Por un tiempo pensé que había llegado a un punto muerto y que tendría que vivir con ello.

Finalmente decidí iniciar una formación más estructurada en la psicoterapia humanista y busqué un enfoque integrador que me permitiese tener una visión general y extraer las herramientas más efectivas de estas corrientes. Me formé estudiando dos másters sobre psicoterapia humanista (máster en psicoterapia humanista integrativa y máster en psicoterapia integradora humanista) que me ofrecieron numerosas y valiosas aportaciones. Conocí la Gestalt, el Análisis Transaccional, el Focusing, la Bioenergética, el trabajo con valores… etc. Pero pese a todo, aún me sentía un poco entre la espada y la pared. Por un lado, lo que había conocido que aportaba la ciencia al trabajo psicoterapéutico se quedaba muy cojo en abarcar la realidad de la existencia del ser humano. Y por otro, los acercamientos que sí abarcaban esa realidad, me dejaban con una sensación de no pisar terreno del todo firme… me faltaba la validación científica. Por un tiempo pensé que había llegado a un punto muerto y que tendría que vivir con ello.

Pero no fue así. En un momento dado, el trabajo de Seligman y el auge de la Psicología Positiva hicieron que volviese la mirada de nuevo a qué se estaba haciendo en la academia. La sorpresa fue mayúscula y muy grata… al fin la ciencia se había arremangado y había afrontado el reto de poner bajo la lente del microscopio realidades que no hace tanto era impensable que atendiese. Estuve un buen tiempo devorando investigación sobre Psicología Positiva y también leí las críticas que estaba recibiendo ya que efectivamente, parecía que en su afán de incorporar lo positivo a la psicología se estuviese escorando demasiado hacia ese polo de la realidad, dejando de lado el polo opuesto. Estaba, sin pretenderlo, sesgando la visión del ser humano, reduciendo el foco de atención casi solo a las vivencias “positivas” y embarcándonos en una búsqueda de la felicidad que pone todo el empeño en fomentar lo “bueno” y “huir” de lo malo, incluso mezclándose en la mente de muchos con el movimiento del pensamiento positivo, ese movimiento tan egocéntrico que postula que basta con pensar en positivo para conseguir lo que deseas. Pero la ciencia, por definición, siempre se supera a sí misma y la Psicología Positiva se ha desarrollado para matizar más los conceptos de positivo y negativo y crear un diálogo entre ambos polos más realista. Es lo que se ha llegado a denominar la Psicología Positiva 2.0.
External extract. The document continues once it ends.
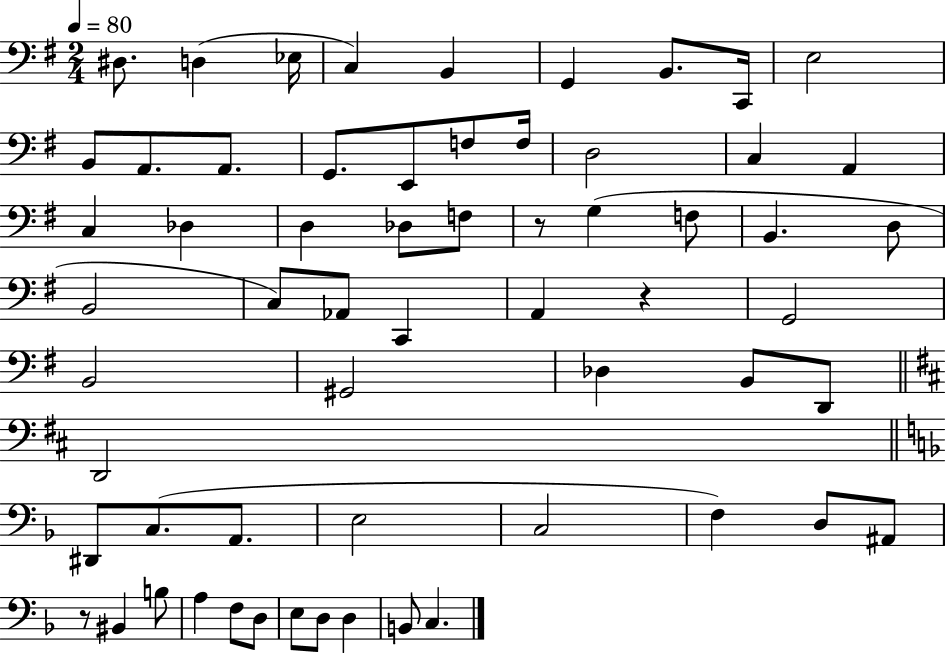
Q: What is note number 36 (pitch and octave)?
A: G#2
Lo que encontré en la ciencia contextual fue un fundamento teórico apasionante que me ofrecía todo lo que había estado echando en falta.
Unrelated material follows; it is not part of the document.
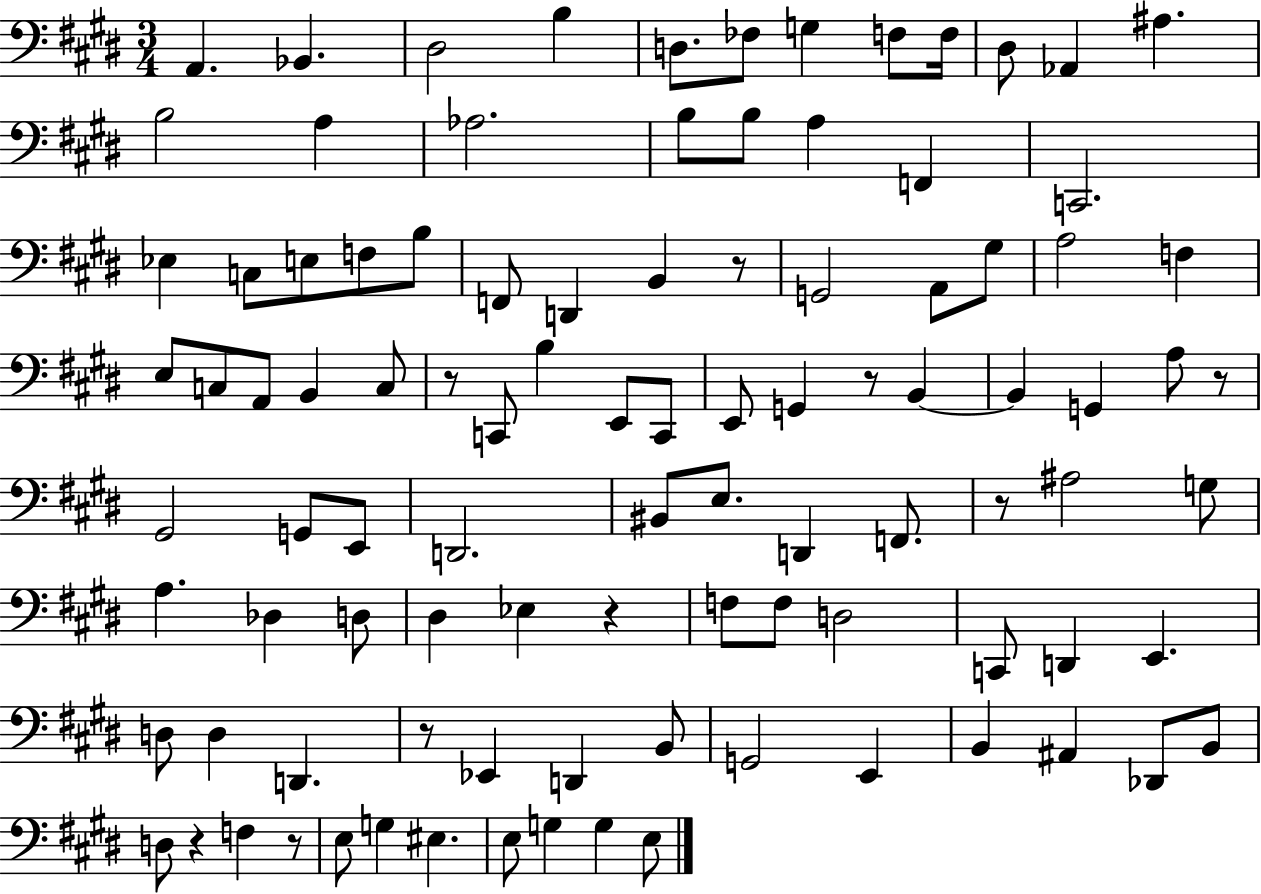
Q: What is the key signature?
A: E major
Fue más o menos por entonces cuando me topé con la ciencia contextual y la terapia de aceptación y compromiso (ACT). No tengo dudas de que han tenido que influir en el golpe de timón que ha dado la Psicología Positiva y tengo la intuición de que algún día podrían converger, si es que no lo están haciendo ya. Lo que encontré en la ciencia contextual fue un fundamento teórico apasionante que me ofrecía todo lo que había estado echando en falta. Los creadores de ACT dedicaron previamente 30 años a desarrollar una ciencia sólida que la sustentase y de ahí nació la Teoría del Marco Relacional sobre la que se apoya no solo ACT (Terapia de Aceptación y Compromiso) sino las terapias bajo el denominador común de “terapias de tercera generación” (primera generación: conducta, segunda: cognición, tercera: contexto). La terapia analítica-funcional (FAP), la activación conductual (BA), la psicoterapia cognitiva basada en mindfulness (MBCT), la terapia de exposición y prevención de respuesta (ERP), son algunos ejemplos de terapias contextuales.
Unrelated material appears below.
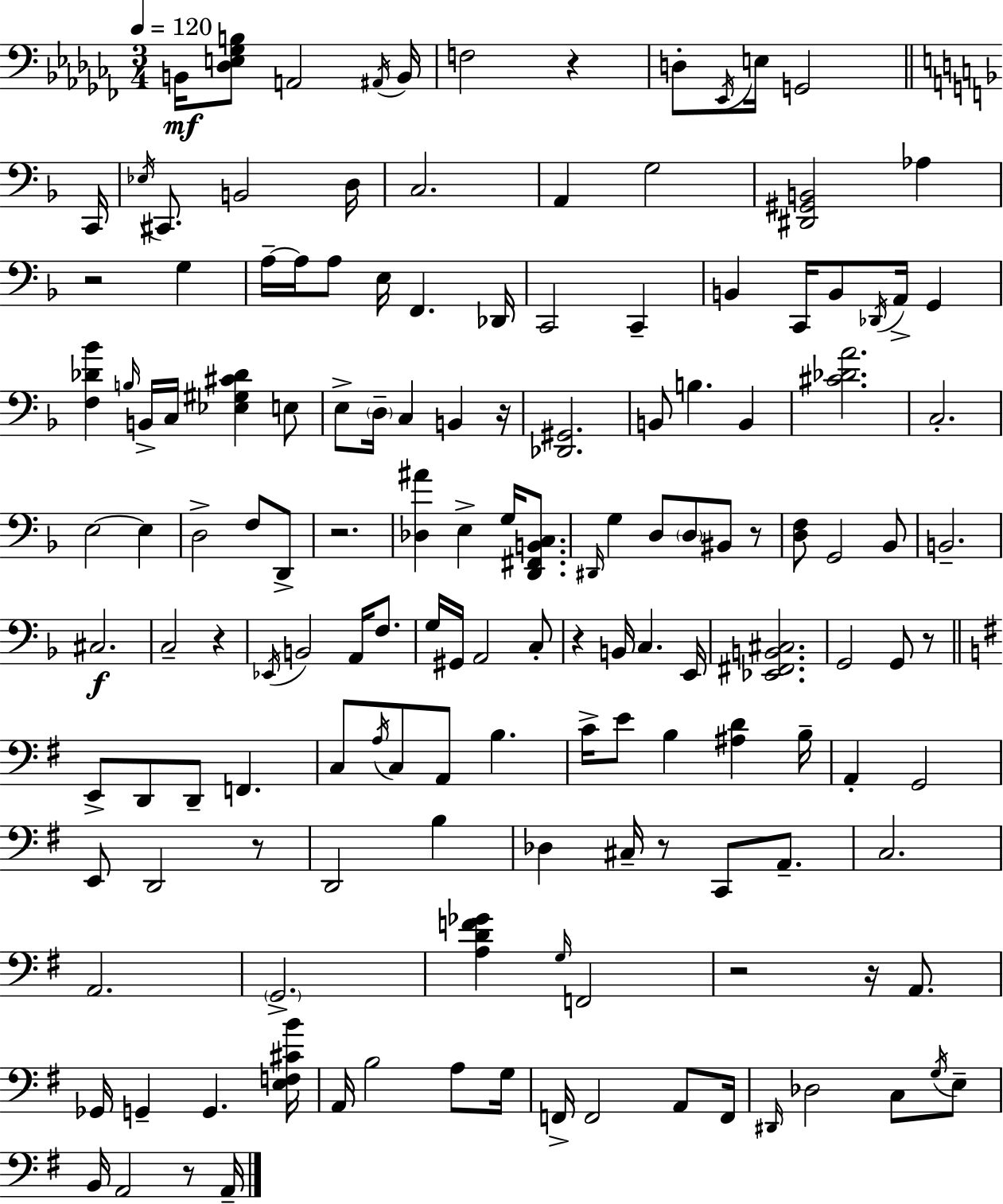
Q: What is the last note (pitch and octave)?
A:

Desde los tiempos de la universidad me resistí a la idea de vernos como máquinas que se han estropeado o que han salido defectuosas de fábrica. Siempre pensé que cada historia personal tiene un sentido y refleja quién es esa persona que la ha vivido, sus valores, sus vivencias, sus creencias, sus circunstancias. El énfasis en el contexto para entender el comportamiento humano no solo reconoce sino que valora ese sentido, consiguiendo lo que una vez me dijo una sabia compañera de profesión acerca de cuál es el objetivo de nuestro trabajo: devolverle su dignidad a las personas.